The order from Judge James Donato will compensate nearly 1.6 million Illinois class members by at least $345, pending a final accounting of claims and expenses, with them receiving the funds “as expeditiously as possible.” Jay Edelson, a Chicago attorney who filed the lawsuit, told the Chicago Tribune that the checks could be in the mail within two months unless there is an appeal over the ruling.
In his decision, Judge Donato called it one of the largest privacy settlements ever and a “landmark result,” one of the largest settlements ever for a privacy violation. Continuing that it was “a major win for consumers in the hotly contested area of digital privacy.”
The Class action lawsuit started six years ago when Edelson sued Facebook, alleging it illegally collected biometric data to identify faces in violation of a 2008 Illinois privacy law—the Biometric Information Privacy Act (BIPA). This law requires companies gathering biometric information to obtain the specific consent of the user. It is one of the strictest such laws in the U.S. Similar laws have subsequently passed in Washington and Texas. Still, the BIPA remains the only law in the U.S. that allows private individuals to file for damages stemming from a violation. This damages provision prompted several class-action lawsuits, the first of which came on December 1, 2016, when a Cook County, Illinois judge approved a settlement for $1.5 million in a class-action lawsuit against L.A. Tan Enterprises, Inc. Each person filing a claim received between $125 and $150.

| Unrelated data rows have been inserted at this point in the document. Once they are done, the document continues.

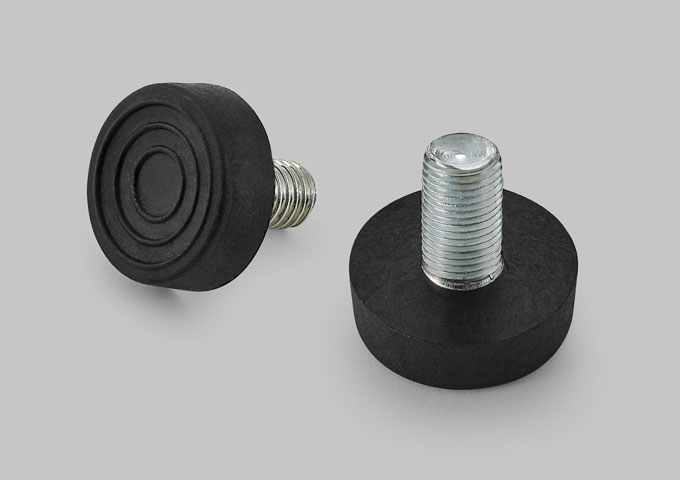 Fixed Adjustable Foot MK-XQ-7903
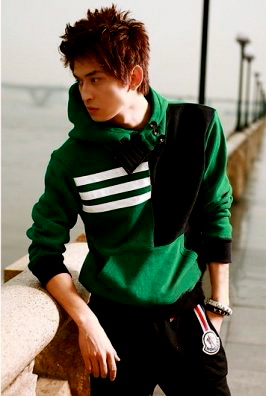 Male model photo shoot of Park Ha Seon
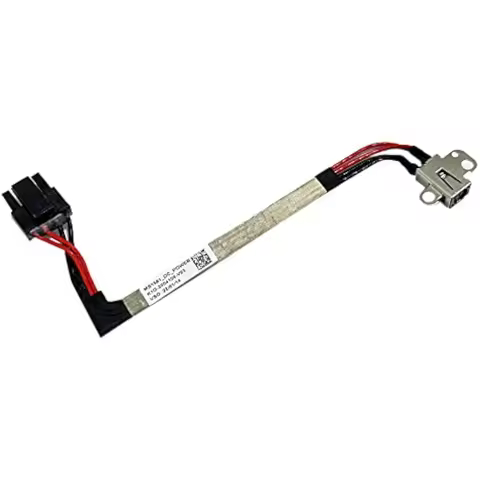 DC in Power Jack Cable Wire for MSI GL66 GF66 MS-1581/ M16 A11UE/ Sword 15 A11UE/ Crosshair 15 A11UE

The action against Facebook alleged that the company did not acquire consent before gathering biometric information. Specifically, they alleged that Facebook’s practice of tagging people in photos using facial recognition without their consent violated state law. The case moved to Chicago federal court, then California federal court, where it got its class-action status.
The “class” included about 6.9 million Illinois Facebook users who had had a face template of themselves created and stored by Facebook after June 7, 2011. To join the class action, Facebook users needed to have been residents of the state of Illinois for at least six months over the last nine years. In all, nearly 1.6 million claim forms, translating to approximately 22% of eligible Illinois Facebook users, were submitted by the Nov. 23 cut-off date.
Out of the $650 million, Donato awarded $97.5 million in attorneys’ fees and about $915,000 in expenses, though, to be fair, they had been working on the case for six years. The court allocated $5,000 to each of the three named plaintiffs, with the rest being divided among all class members equally. In a statement to Agence France-Presse news agency, a Facebook spokesperson said, “we are pleased to have reached a settlement so we can move past this matter, which is in the best interest of our community and our shareholders.”
The automatic facial recognition tagging features were disabled by Facebook and made optional in 2019, tackling some privacy criticisms raised in the Illinois suit. Lawsuits were also lodged against Microsoft, Alphabet, and Amazon in July 2020, accusing them of breaking the same law.
While a $650 million settlement would be too much for any normal company to endure, Facebook’s net income for 2020 was $29.146 billion, and its 2020 value, according to Forbes, was $720 billion.
As representatives at the federal and state level wrestle with potential measures to rein in big tech, the Illinois law gives one potential framework that other states could copy. A mish-mash of aggressive state laws governing how tech companies do business on a state-by-state basis is a regulatory future that could prove quite daunting for the big tech giants.